The entry is established from high mount when one of the bottom player's arms has been forced upward — typically because the bottom player has tried to bench-press the attacker off or has reached for a hand-fight defense. The attacker S-mounts (rotates to the side and threads one leg behind the opponent's head), traps the upward-extended arm across the neck, and closes the figure-four. The finish is identical to the guard triangle: pivot past 90 degrees, lock the calf across the back of the neck, pull the trapped shoulder toward the opposite knee.
The mounted triangle's terror as a position is that it lives inside a chain of three submissions — armbar, mounted triangle, and arm triangle — that share the same setup. The attacker reads the bottom player's defense and chooses the corresponding finish, which means the bottom player must defend all three threats simultaneously to escape. Roger Gracie used this chain extensively at black belt, and Mica Galvao's modern game features the mounted triangle as a primary IBJJF finish.

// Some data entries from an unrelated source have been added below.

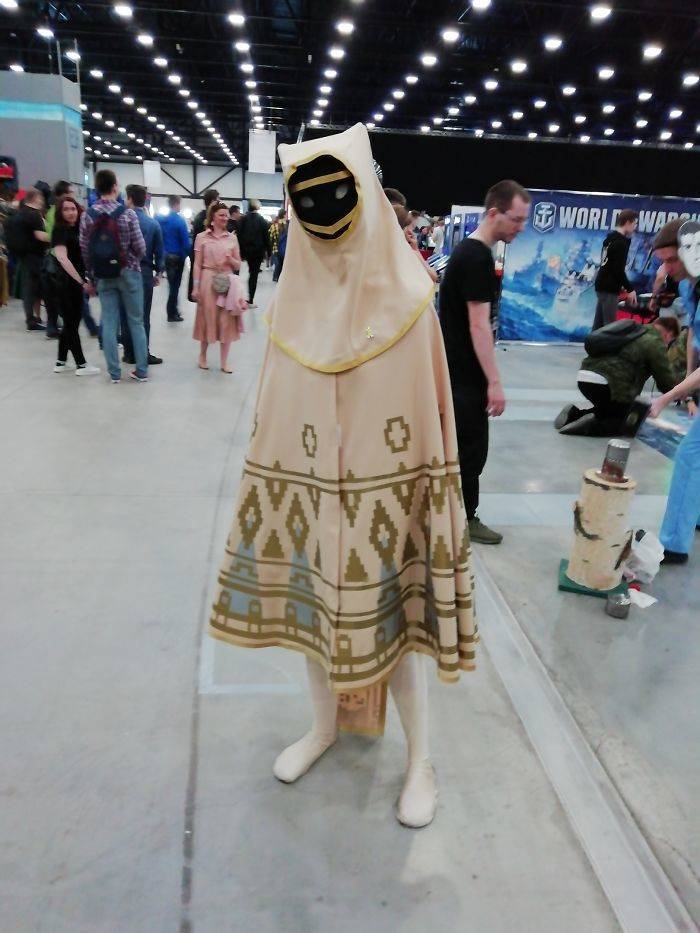 Cosplay At Starcon Russia 2019 Was Fantastic!
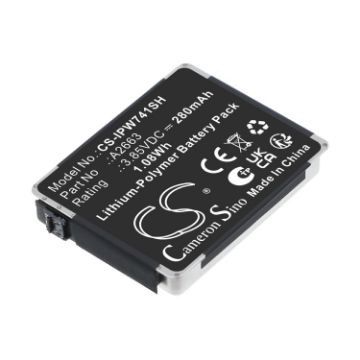 Apple A2663 Battery Replacement for A2473 A2475 - 1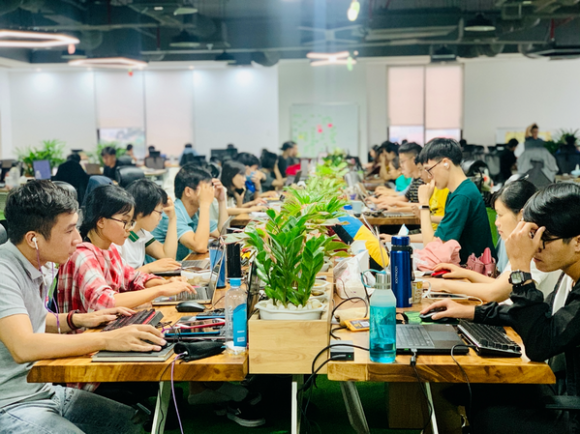 MWG IT Fresher 2020, thế giới di động, thực tập sinh IT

The technique is particularly devastating in MMA because the mount + triangle combination prevents the bottom player from striking up while the choke closes.
KEY POINTS
- 01Establish high mount first — low mount has insufficient angle for the triangle.
- 02Transition to S-mount as the bottom player's arm extends upward.
- 03Thread the same-side leg behind the opponent's head while keeping mount stability.
- 04Close the figure-four and pivot past 90 degrees, same as the guard triangle.
- 05Finish with hip extension; mounted triangle finishes faster than guard triangle because of gravity.
COMMON MISTAKES
- ✕Attempting the triangle from low mount, where the angle is insufficient.
- ✕Failing to S-mount before threading the leg, leaving the mount unstable.
- ✕Closing the figure-four square to the opponent.
- ✕Forgetting the chain — defending the triangle opens the armbar, which opens the arm triangle.
- ✕Releasing mount stability during the setup, ending up swept.
TRAINING DRILLS
- →High-mount-to-S-mount transition: 30 reps per side.
- →Arm-isolation drill from S-mount: drill threading the leg behind the head while trapping the arm.
- →Three-option chain drill: drill armbar / triangle / arm triangle from the same S-mount setup.
- →Triangle pivot reps: 25 reps per side of the past-90-degree pivot from mounted setup.
- →Live mount rounds with triangle/armbar/arm-triangle chain as the only allowed finish.